## Data for processing:
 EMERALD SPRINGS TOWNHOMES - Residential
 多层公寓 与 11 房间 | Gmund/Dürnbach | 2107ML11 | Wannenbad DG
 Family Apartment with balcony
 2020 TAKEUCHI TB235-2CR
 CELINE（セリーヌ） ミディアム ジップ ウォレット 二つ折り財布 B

* * *

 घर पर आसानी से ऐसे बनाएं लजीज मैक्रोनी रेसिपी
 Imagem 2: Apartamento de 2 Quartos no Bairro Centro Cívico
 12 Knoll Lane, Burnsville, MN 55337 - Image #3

* * *

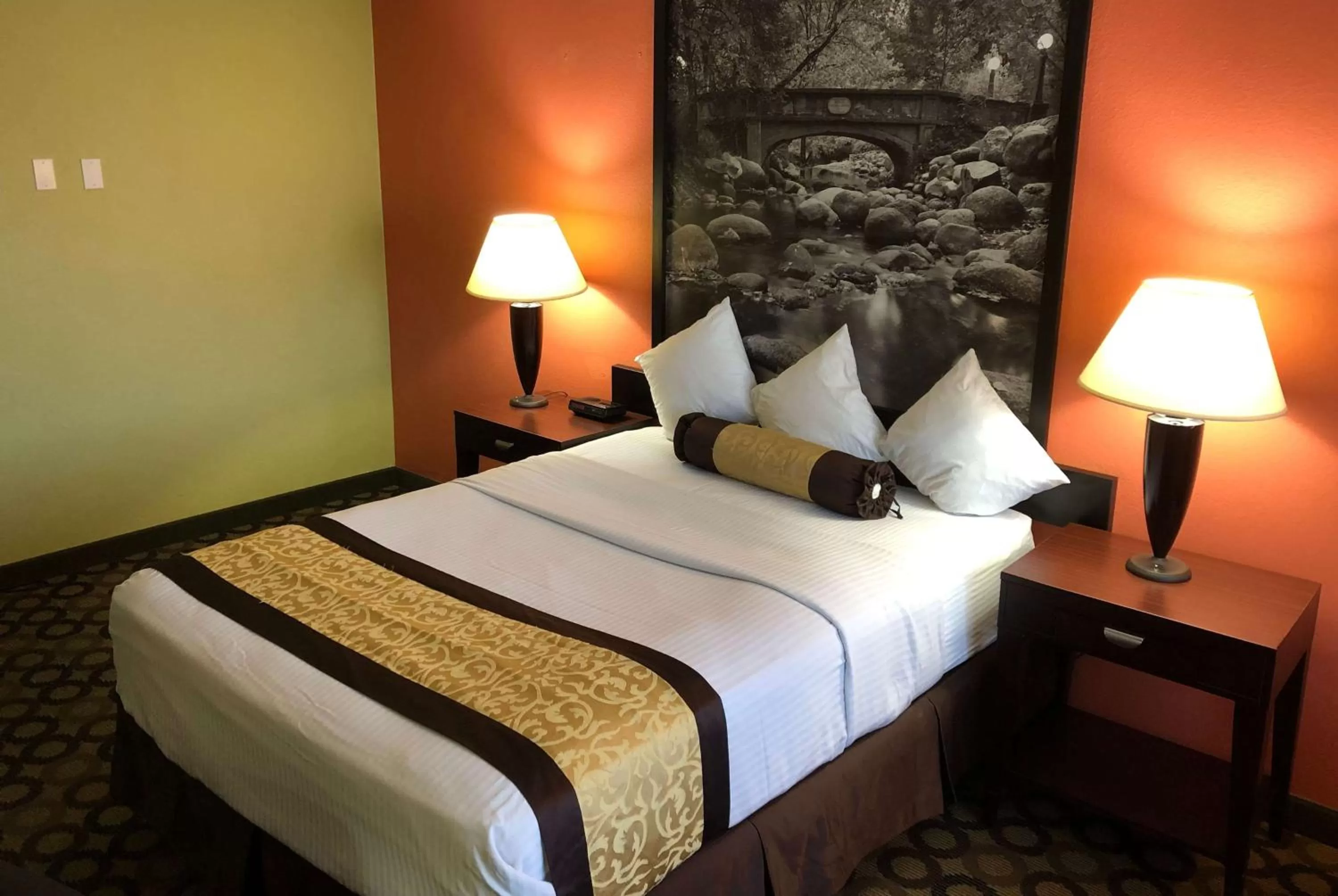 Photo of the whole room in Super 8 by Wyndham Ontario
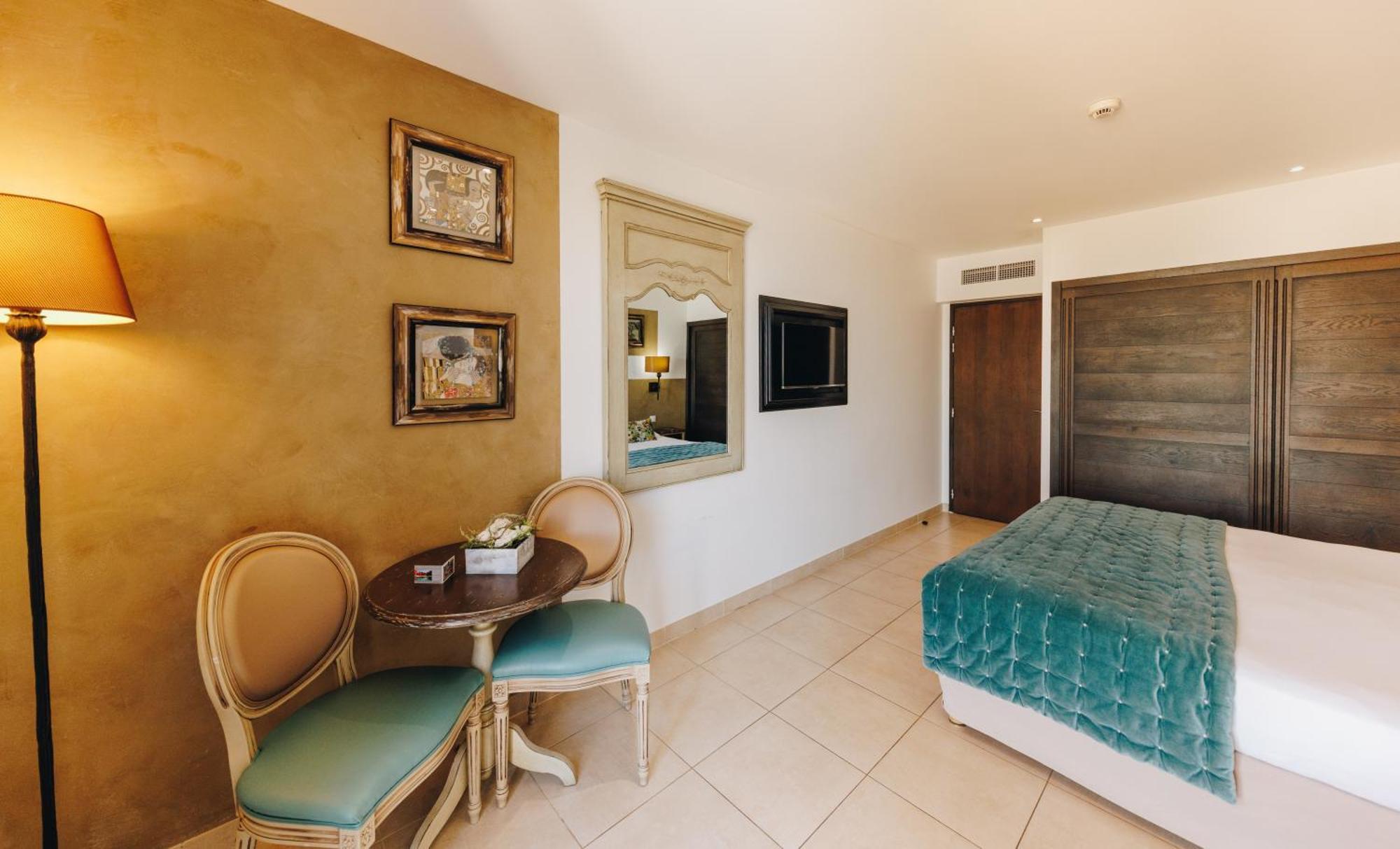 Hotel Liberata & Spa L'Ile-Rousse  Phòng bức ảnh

## Exercise:
In the entries above, please find the line with "EMERALD SPRINGS TOWNHOMES - Residential" and the line with "CELINE（セリーヌ） ミディアム ジップ ウォレット 二つ折り財布 B", then write out exactly those two lines and every line between them, and nothing more.

## Response to the exercise:
 EMERALD SPRINGS TOWNHOMES - Residential
 多层公寓 与 11 房间 | Gmund/Dürnbach | 2107ML11 | Wannenbad DG
 Family Apartment with balcony
 2020 TAKEUCHI TB235-2CR
 CELINE（セリーヌ） ミディアム ジップ ウォレット 二つ折り財布 B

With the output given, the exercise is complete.